Ese día no regresó al hospedaje. Caminó.

Sin dirección.

Cruzó el mercado, la plaza, el muelle. Se sentó en la sombra de un árbol cerca del estero. Observó a los niños saltar entre los botes, a los hombres reparar redes, a las mujeres cargar cestas con frutas.

Se sentía ajeno.

Y, al mismo tiempo, responsable.

Sacó su celular. Miró las notas del proyecto. Releyó correos, actualizaciones técnicas. Y nada de eso le parecía suficiente.

“Estoy fallando”, pensó. “En ambas cosas”

Recordó las clases de historia que tomó en París, cuando hablaban del colonialismo como si fuera una cosa del pasado. Recordó que incluso entonces sentía incomodidad. Porque sabía que no estaba tan lejos. Que aún persistía. Que aún dolía.

Y ahora lo veía, de frente. Y era parte de eso.

Cerró los ojos.

Por la noche, decidió regresar al centro cultural.

No como funcionario.

No como técnico.

Como persona.

Llevaba puesta una camisa sencilla, los planos del proyecto en un folder bajo el brazo, y el corazón latiéndole en la garganta.

No había mucha gente. Algunos ensayaban. Otros barrían el lugar. Liana estaba ahí.

Sola.

Sentada en el borde de una tarima, revisando papeles.

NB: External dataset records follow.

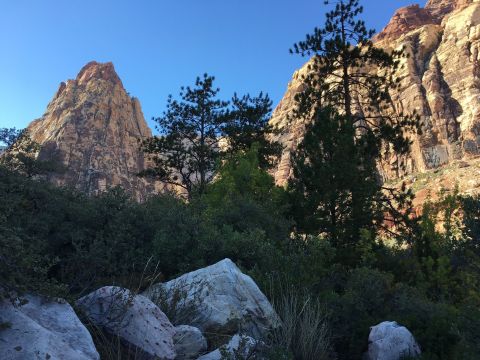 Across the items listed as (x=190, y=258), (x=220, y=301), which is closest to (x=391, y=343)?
(x=220, y=301)

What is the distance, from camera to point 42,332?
337 centimetres

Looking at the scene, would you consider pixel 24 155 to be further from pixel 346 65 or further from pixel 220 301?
pixel 220 301

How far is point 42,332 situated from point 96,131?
350 feet

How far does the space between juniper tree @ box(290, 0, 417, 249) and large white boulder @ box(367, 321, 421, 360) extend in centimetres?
893

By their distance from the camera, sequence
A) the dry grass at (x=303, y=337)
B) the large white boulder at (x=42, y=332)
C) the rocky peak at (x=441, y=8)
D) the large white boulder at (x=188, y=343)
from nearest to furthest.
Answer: the large white boulder at (x=42, y=332) < the large white boulder at (x=188, y=343) < the dry grass at (x=303, y=337) < the rocky peak at (x=441, y=8)

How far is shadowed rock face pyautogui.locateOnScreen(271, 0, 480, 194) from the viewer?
82.5 meters

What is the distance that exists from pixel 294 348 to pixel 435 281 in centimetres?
1210

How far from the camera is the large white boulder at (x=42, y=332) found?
3164mm

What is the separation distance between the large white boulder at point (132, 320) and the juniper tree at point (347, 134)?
11.5 meters

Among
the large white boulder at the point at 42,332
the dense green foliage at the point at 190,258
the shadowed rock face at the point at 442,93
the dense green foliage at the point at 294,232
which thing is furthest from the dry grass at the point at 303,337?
the shadowed rock face at the point at 442,93

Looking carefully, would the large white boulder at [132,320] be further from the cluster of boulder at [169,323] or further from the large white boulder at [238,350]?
the large white boulder at [238,350]

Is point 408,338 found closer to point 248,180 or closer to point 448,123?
point 248,180

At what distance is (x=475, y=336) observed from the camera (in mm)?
5812

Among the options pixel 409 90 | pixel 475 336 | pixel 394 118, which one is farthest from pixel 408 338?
pixel 409 90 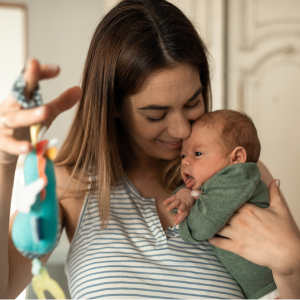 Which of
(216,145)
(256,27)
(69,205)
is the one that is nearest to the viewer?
(216,145)

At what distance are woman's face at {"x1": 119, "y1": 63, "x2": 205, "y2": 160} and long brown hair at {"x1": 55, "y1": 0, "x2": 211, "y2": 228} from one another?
0.11ft

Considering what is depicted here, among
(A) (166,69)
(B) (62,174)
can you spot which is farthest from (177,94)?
(B) (62,174)

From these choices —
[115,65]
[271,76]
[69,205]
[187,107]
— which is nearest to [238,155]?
[187,107]

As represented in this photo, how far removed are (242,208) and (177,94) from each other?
39 centimetres

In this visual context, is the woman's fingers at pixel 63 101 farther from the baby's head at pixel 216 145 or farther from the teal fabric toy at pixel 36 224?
the baby's head at pixel 216 145

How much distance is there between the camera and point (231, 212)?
87 cm

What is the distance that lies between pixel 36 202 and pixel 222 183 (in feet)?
1.81

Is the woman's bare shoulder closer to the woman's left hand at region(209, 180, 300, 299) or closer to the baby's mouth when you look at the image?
the baby's mouth

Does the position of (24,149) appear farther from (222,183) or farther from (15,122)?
(222,183)

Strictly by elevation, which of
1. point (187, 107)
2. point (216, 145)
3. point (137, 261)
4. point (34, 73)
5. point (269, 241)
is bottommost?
point (137, 261)

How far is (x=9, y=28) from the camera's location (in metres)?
2.15

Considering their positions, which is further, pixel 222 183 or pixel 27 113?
pixel 222 183

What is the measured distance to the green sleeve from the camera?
861mm

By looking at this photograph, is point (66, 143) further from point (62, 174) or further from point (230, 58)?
point (230, 58) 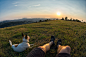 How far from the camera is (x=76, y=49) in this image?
3344 mm

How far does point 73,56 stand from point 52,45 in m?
1.48

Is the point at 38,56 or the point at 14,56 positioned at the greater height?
the point at 38,56

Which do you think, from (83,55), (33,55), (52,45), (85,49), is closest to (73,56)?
(83,55)

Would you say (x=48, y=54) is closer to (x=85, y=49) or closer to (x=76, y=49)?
(x=76, y=49)

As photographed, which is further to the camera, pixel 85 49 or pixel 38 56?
pixel 85 49

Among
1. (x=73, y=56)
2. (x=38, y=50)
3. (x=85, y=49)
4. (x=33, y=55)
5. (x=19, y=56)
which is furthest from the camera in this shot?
(x=85, y=49)

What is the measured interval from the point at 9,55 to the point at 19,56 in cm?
72

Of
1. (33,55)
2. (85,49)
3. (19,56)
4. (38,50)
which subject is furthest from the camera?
(85,49)

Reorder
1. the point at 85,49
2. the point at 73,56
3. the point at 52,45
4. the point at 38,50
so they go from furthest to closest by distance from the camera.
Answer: the point at 52,45
the point at 85,49
the point at 73,56
the point at 38,50

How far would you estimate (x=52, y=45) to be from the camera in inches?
156

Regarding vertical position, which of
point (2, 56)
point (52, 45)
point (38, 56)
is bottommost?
point (2, 56)

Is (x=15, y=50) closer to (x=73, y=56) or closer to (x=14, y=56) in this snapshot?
(x=14, y=56)

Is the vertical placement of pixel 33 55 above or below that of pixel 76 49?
above

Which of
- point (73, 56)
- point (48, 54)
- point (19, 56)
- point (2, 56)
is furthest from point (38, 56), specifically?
point (2, 56)
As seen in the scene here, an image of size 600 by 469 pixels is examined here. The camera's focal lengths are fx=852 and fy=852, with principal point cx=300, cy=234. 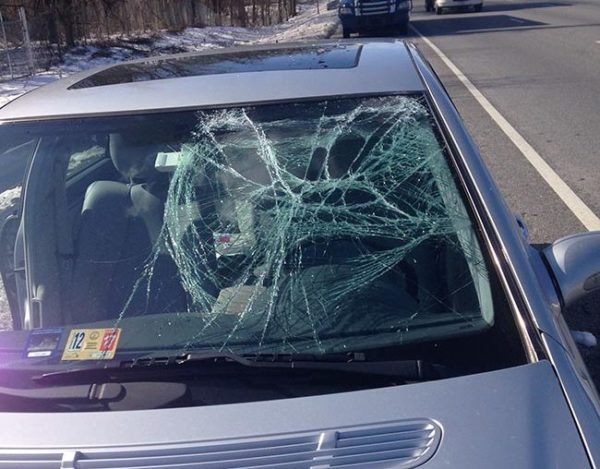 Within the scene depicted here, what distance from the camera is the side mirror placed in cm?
238

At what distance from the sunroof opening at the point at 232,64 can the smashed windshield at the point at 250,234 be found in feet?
1.13

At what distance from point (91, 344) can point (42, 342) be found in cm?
16

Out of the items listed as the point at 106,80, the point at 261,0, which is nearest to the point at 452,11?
the point at 261,0

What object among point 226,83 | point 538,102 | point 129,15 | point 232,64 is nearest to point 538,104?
point 538,102

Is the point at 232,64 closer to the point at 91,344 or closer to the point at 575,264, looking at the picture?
the point at 91,344

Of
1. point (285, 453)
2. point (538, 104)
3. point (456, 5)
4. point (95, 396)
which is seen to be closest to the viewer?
point (285, 453)

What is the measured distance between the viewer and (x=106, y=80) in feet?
10.5

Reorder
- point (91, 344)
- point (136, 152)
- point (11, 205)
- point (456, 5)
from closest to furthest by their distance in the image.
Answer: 1. point (91, 344)
2. point (136, 152)
3. point (11, 205)
4. point (456, 5)

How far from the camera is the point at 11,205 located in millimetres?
3076

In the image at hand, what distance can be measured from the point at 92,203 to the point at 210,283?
0.64 m

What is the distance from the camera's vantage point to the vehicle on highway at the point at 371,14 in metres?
23.6

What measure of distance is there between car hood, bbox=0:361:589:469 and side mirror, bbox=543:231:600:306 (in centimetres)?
46

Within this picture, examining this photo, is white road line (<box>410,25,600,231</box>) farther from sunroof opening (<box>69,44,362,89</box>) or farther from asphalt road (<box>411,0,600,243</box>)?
sunroof opening (<box>69,44,362,89</box>)

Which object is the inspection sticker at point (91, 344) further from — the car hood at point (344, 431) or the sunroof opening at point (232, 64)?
the sunroof opening at point (232, 64) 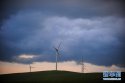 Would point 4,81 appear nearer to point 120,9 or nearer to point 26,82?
point 26,82

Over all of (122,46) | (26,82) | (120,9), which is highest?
(120,9)

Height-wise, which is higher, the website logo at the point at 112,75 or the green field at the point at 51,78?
the website logo at the point at 112,75

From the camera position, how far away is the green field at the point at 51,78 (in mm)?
13266

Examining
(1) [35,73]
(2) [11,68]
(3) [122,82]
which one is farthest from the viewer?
(1) [35,73]

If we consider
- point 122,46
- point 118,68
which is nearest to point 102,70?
point 118,68

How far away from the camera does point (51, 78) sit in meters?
14.5

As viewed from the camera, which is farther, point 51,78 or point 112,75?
point 51,78

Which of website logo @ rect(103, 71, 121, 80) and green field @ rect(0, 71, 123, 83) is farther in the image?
green field @ rect(0, 71, 123, 83)

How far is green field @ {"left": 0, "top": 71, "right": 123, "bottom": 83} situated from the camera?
13.3 m

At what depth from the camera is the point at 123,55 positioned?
1290 cm

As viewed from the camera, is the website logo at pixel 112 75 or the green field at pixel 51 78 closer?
the website logo at pixel 112 75

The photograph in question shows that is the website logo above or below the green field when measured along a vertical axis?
above

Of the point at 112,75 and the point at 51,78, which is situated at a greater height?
the point at 112,75

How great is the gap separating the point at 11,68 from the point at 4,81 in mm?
839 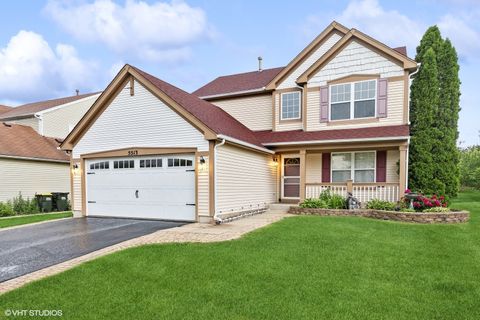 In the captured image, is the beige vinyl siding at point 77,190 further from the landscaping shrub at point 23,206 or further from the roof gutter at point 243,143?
the roof gutter at point 243,143

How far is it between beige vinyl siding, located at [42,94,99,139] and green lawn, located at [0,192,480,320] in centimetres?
1892

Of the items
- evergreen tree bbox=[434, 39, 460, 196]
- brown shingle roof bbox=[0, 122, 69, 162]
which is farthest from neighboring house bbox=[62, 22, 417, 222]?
brown shingle roof bbox=[0, 122, 69, 162]

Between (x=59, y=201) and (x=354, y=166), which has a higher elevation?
(x=354, y=166)

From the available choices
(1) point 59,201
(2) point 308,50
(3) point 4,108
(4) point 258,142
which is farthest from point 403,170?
(3) point 4,108

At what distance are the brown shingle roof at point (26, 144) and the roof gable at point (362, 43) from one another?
15.6 m

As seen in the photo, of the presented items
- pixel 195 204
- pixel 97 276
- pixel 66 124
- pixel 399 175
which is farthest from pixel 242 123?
pixel 66 124

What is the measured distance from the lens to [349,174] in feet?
43.2

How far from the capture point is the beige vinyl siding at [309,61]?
1418cm

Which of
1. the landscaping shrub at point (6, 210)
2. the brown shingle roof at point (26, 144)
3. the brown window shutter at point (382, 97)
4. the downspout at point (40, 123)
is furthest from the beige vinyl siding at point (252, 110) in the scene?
the downspout at point (40, 123)

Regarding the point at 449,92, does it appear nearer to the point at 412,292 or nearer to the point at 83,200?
the point at 412,292

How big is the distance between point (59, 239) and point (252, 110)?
34.6 ft

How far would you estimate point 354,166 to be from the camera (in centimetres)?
1309

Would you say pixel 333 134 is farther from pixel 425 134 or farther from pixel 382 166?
pixel 425 134

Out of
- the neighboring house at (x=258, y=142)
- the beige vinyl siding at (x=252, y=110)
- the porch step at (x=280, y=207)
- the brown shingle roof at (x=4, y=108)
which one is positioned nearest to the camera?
the neighboring house at (x=258, y=142) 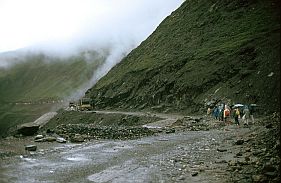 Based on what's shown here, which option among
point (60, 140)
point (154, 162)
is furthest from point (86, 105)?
point (154, 162)

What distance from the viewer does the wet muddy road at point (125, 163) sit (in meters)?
20.7

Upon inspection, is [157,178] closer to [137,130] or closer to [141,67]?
[137,130]

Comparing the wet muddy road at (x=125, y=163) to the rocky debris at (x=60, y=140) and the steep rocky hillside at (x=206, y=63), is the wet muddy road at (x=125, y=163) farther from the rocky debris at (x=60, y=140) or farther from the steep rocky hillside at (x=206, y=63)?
the steep rocky hillside at (x=206, y=63)

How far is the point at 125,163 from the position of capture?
25516mm

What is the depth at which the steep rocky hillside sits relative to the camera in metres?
61.7

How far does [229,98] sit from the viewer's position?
6175 centimetres

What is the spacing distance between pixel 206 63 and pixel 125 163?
55513 mm

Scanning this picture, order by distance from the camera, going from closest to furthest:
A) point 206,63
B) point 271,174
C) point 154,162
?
point 271,174, point 154,162, point 206,63

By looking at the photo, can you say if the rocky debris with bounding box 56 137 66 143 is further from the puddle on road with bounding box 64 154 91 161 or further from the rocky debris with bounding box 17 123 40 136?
the puddle on road with bounding box 64 154 91 161

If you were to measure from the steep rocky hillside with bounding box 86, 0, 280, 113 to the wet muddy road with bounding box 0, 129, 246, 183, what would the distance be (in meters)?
25.2

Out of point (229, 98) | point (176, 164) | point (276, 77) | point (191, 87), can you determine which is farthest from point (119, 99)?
point (176, 164)

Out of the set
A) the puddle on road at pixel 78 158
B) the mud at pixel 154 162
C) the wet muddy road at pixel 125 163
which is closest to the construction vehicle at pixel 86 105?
the mud at pixel 154 162

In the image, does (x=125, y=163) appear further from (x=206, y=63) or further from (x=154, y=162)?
(x=206, y=63)

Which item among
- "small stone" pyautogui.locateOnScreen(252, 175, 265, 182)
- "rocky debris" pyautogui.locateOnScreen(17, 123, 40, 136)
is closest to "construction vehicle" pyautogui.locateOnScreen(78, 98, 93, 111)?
"rocky debris" pyautogui.locateOnScreen(17, 123, 40, 136) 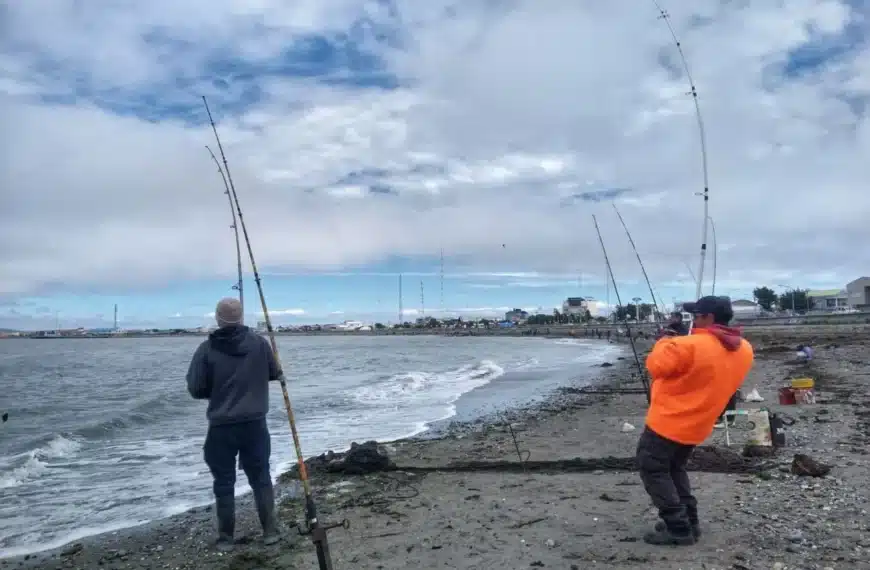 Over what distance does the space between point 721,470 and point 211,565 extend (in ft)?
16.8

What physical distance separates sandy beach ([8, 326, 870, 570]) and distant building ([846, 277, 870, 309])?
89.9 meters

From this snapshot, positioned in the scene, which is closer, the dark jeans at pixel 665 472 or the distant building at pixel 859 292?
the dark jeans at pixel 665 472

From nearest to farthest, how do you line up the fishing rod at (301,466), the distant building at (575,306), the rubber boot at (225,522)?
the fishing rod at (301,466), the rubber boot at (225,522), the distant building at (575,306)

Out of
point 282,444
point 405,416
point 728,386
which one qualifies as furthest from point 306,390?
point 728,386

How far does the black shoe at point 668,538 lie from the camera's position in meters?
4.95

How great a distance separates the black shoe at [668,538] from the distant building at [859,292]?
92723 mm

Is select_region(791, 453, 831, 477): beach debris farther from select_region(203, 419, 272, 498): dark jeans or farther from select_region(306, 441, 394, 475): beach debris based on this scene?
select_region(203, 419, 272, 498): dark jeans

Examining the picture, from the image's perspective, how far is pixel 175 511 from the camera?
808 centimetres

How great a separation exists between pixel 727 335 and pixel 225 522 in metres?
4.25

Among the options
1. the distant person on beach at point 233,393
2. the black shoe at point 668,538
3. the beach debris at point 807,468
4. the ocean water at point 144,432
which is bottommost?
the ocean water at point 144,432

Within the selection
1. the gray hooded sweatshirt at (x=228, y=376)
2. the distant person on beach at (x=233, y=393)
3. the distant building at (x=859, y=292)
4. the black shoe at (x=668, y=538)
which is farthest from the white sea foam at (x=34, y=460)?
the distant building at (x=859, y=292)

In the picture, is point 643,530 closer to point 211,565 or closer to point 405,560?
point 405,560

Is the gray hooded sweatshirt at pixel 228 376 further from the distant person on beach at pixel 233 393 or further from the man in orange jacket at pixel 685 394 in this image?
the man in orange jacket at pixel 685 394

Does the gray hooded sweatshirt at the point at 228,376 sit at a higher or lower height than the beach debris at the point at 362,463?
higher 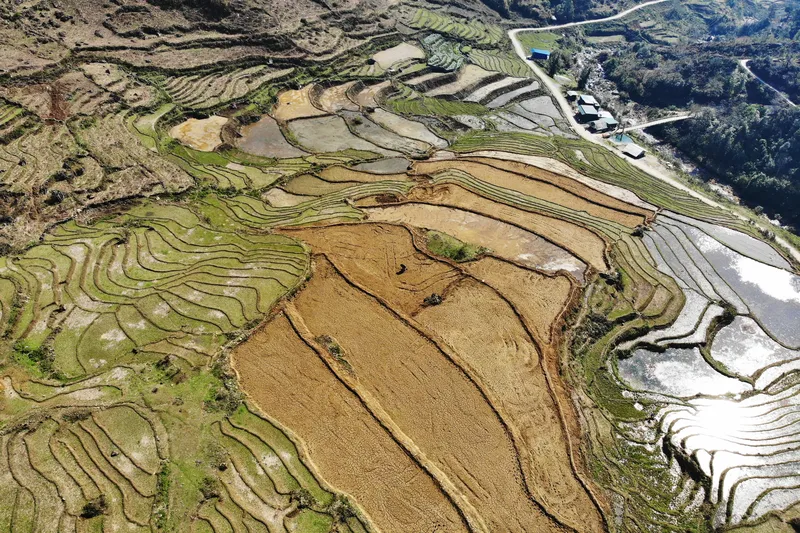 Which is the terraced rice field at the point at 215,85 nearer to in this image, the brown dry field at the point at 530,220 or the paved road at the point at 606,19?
the brown dry field at the point at 530,220

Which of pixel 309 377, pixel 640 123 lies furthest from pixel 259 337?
pixel 640 123

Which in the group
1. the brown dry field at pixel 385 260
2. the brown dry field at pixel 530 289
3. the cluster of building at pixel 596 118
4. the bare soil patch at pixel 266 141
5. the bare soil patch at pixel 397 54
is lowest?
the bare soil patch at pixel 266 141

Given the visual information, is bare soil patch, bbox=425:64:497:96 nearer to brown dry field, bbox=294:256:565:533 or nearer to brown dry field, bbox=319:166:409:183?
brown dry field, bbox=319:166:409:183

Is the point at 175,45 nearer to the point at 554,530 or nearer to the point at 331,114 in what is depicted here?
the point at 331,114

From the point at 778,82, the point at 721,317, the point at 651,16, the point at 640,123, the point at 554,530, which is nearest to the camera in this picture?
the point at 554,530

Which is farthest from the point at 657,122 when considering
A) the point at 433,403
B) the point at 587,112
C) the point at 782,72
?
the point at 433,403

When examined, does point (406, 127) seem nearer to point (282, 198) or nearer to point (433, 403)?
point (282, 198)

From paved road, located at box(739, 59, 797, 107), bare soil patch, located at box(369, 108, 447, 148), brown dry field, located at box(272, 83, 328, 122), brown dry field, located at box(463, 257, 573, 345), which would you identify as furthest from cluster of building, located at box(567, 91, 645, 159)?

Éloi la observó desde lejos, contuvo el impulso de llamarla por su nombre. Caminó despacio. Cuando estuvo a unos pasos, ella levantó la mirada.

No sonrió.

—¿Necesita algo? —preguntó, sin rodeos.

—No. Solo quería hablar.

—¿Sobre el proyecto?

—No exactamente.

Silencio.

Ella lo miró como quien evalúa si vale la pena gastar palabras.

—Mire, señor Marchand Dubois —dijo, marcando cada sílaba de su apellido—, si viene a justificar la inacción del equipo, no pierda su tiempo.